A number of other Members wish to contribute, but to be fair I only wanted to take the group leaders or spokespeople from the different sections.

Given the stance that some of us took — I am talking in particular about Senators Hanafin, Ó Murchú and me — I would like to say a few words if possible.

If I take Senator Walsh I should take other Members.

On a point of order, I have no objection to Senator Walsh making a brief contribution.

As other speakers have taken less than two minutes, I will allow Senator Walsh to speak.

Obviously, we had concerns. We expressed concerns over marital status, siblings, freedom of conscience for people, and children. The step we took was done from our own genuine beliefs and we acted in accordance with those beliefs. People may criticise us for it and obviously we are getting messages from people who disagree and those who agree.It gave rise to a debate on issues of real importance as to the core values we have in our republic.

I recognise that this is a very important day for those in the gay community who are in same-sex relationships. I know that the rights and entitlements which you will gain will give them opportunities in life when they commit to each other which I know they will value. While I have taken an opposing view on certain aspects of the Bill, I wish them everything I would wish for myself and my family.

I thank the Minister and his officials who have been very helpful to us, as the three of us would acknowledge. We went through the Bill microscopically with the Minister. We might not have agreed on everything, but we have been friends for a long time and agreed a long time ago that our differences on the Bill would not cause a breach.

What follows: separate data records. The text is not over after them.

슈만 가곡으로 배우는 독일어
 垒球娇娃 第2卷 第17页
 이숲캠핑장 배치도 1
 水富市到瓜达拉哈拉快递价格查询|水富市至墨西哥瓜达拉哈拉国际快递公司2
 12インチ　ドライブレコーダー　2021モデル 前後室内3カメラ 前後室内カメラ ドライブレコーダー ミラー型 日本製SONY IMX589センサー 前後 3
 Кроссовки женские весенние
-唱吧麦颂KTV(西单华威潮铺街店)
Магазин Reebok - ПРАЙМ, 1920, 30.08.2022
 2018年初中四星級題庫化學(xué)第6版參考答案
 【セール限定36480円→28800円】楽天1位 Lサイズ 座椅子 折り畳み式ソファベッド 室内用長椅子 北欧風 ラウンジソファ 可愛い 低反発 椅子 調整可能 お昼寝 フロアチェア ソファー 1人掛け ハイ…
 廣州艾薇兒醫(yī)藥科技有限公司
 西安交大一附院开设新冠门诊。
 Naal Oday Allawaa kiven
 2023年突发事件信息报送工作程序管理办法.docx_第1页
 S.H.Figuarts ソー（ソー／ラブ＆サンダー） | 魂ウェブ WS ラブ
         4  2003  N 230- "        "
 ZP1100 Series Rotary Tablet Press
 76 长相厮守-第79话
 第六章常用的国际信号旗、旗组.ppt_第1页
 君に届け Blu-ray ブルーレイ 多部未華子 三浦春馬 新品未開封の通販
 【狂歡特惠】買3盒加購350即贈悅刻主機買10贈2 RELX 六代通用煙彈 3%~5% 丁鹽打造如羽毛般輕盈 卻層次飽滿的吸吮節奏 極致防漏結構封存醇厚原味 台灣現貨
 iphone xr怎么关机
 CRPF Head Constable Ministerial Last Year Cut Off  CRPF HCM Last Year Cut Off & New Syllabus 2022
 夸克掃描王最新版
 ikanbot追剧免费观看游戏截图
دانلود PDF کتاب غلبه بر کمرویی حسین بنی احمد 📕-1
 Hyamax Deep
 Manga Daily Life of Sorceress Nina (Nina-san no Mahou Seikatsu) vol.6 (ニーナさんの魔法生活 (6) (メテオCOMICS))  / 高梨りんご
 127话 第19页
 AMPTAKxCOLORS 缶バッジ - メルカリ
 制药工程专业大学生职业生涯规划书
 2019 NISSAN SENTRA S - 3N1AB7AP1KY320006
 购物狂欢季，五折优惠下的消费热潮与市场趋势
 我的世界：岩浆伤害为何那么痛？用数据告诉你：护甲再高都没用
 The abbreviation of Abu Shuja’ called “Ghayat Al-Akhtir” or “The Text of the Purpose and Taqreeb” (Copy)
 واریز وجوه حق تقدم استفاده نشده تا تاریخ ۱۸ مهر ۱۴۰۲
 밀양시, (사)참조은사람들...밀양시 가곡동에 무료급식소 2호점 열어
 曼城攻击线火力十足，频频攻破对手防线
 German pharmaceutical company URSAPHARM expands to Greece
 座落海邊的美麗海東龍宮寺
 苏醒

I know he is anxious to get away and where he is going.

If I might just——

I am sorry; I allowed one person from the group which was opposed to the Bill to speak. I have given most an opportunity to speak.

On a point of order, this is an historic day. As the sole representative of Sinn Féin in the House, I would have liked to have had an opportunity to express my appreciation.

I understand that. I assumed the Senator was part of the Independent group of Senators.

I am not a member of any grouping.

I understood the Senator was part of the Independent group.

He is with Sinn Féin.

I am not part of any grouping. I will be very brief. On behalf of my party, I thank the Minister for being here throughout Committee Stage to assist us during the debate which was historic. This is an emotional day for those who have campaigned long and hard. I have outlined my party's position on the Bill which does not go far enough. However, I recognise the rights it confers on the gay, lesbian and bisexual community. Whoever the Bill belonged to, be it Fianna Fáil, Fine Gael, the Green Party or Independent Members, the reality is that as soon as the President puts her signature to it, it will be the people's.

This is a great day on which to rejoice. I am glad to be voting the Bill through the Seanad. Only a very small minority has opposed it.